Still waiting for repairs
The New York City Housing Authority’s long-suffering residents ought to consider dumping garbage on Gracie Mansion’s doorstep — because that’s more or less what Mayor de Blasio did on theirs, a mess now his to clean up. At the behest of Teamsters Local 237, Manhattan Supreme Court judge Kathryn Freed last week blocked NYCHA chairwoman Shola Olatoye from rearranging work shifts for cleaning and maintenance workers at 12 housing projects.
By scheduling staff to start as early as 6 a.m. and as late as 8 p.m. weekdays, instead of the present, firm 8 to 4:30, Olatoye had sought to keep worn complexes cleaner and enable employed tenants to schedule repair appointments for after they come home from work.
More than 9 in 10 NYCHA tenants surveyed gave her the thumbs up.
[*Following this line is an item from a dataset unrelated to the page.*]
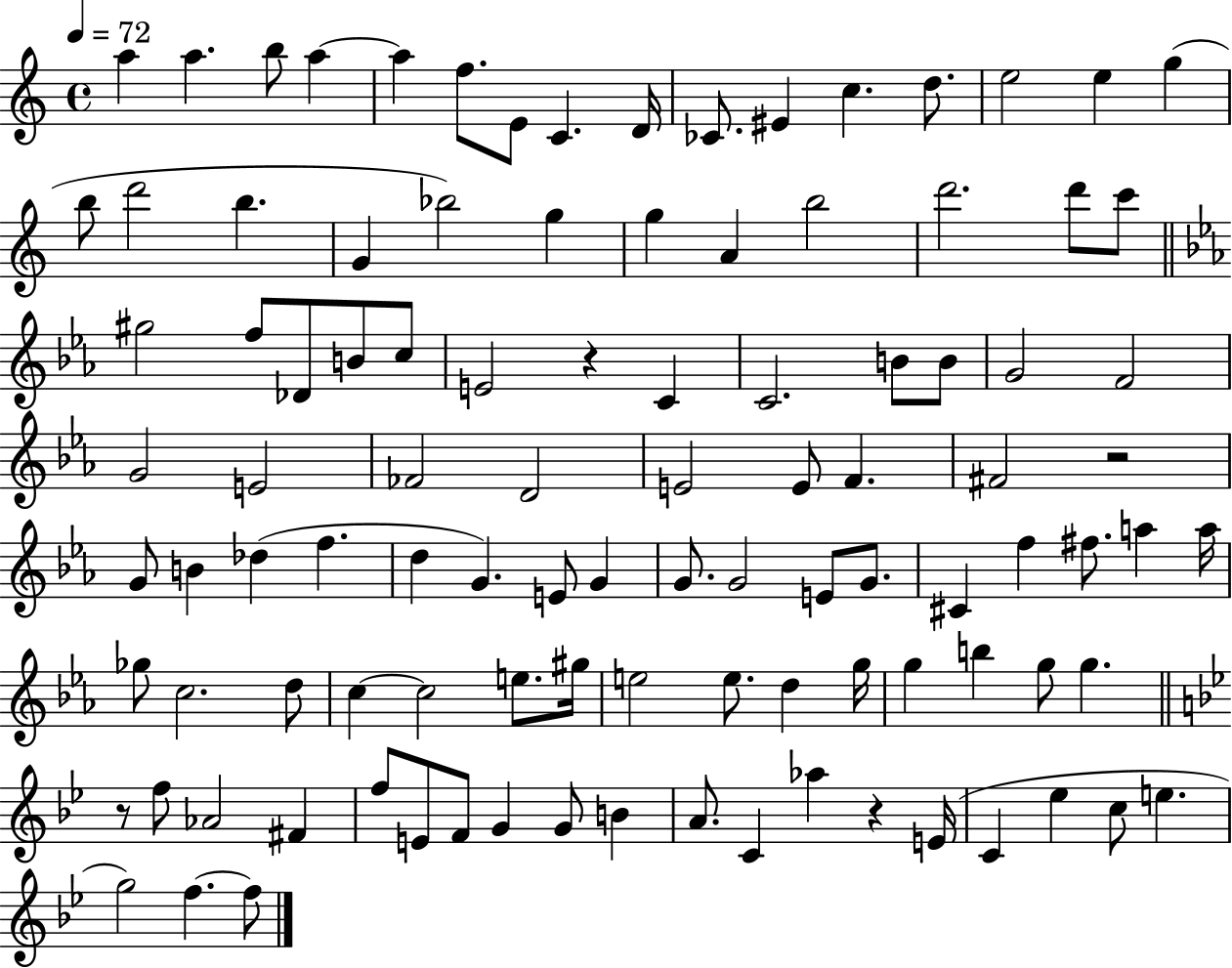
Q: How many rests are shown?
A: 4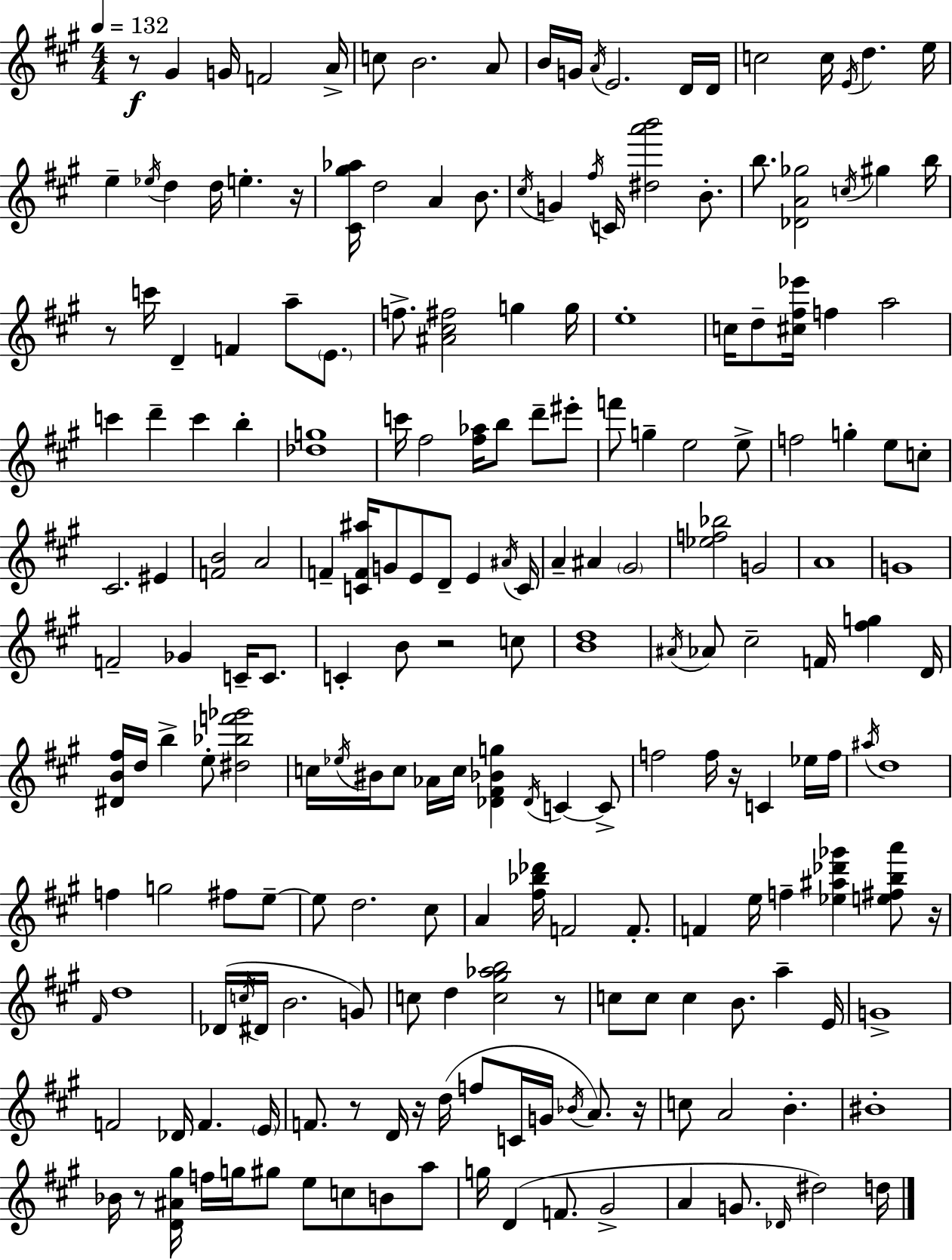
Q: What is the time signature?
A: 4/4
But the union argues that the move violates their contract — even though that contract allows the authority discretion to vary the 8 to 4:30 schedule as its needs demand, and even though NYCHA is merely testing the split-shift concept.
Oh, sure, NYCHA can still schedule earlier and later hours — by paying overtime, money the cash-starved authority just doesn’t have.
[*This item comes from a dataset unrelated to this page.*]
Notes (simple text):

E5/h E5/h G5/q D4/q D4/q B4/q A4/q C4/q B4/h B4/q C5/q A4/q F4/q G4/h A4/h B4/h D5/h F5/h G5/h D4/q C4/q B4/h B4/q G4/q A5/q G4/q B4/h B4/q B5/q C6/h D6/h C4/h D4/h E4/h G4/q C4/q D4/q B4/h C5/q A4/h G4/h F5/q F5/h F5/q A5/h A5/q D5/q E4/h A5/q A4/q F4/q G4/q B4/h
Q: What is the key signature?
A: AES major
That leaves more than 400,000 tenants suffering with absurdly inadequate services in crumbling buildings — including Brooklyn’s Pink Houses, where a broken stairwell light bulb may have been a fatal factor in the death of Akai Gurley from NYPD Officer Peter Liang’s bullet.
And it leaves de Blasio to answer for why it was that he left the absurd 8-to-4:30 rule untouched, over Olatoye’s objections, in the union contract whose renewal he signed off on last May.
Inexcusably, NYCHA tenants must now depend on the whims of a court for hope of decent environs — because they couldn’t depend on a short-sighted mayor.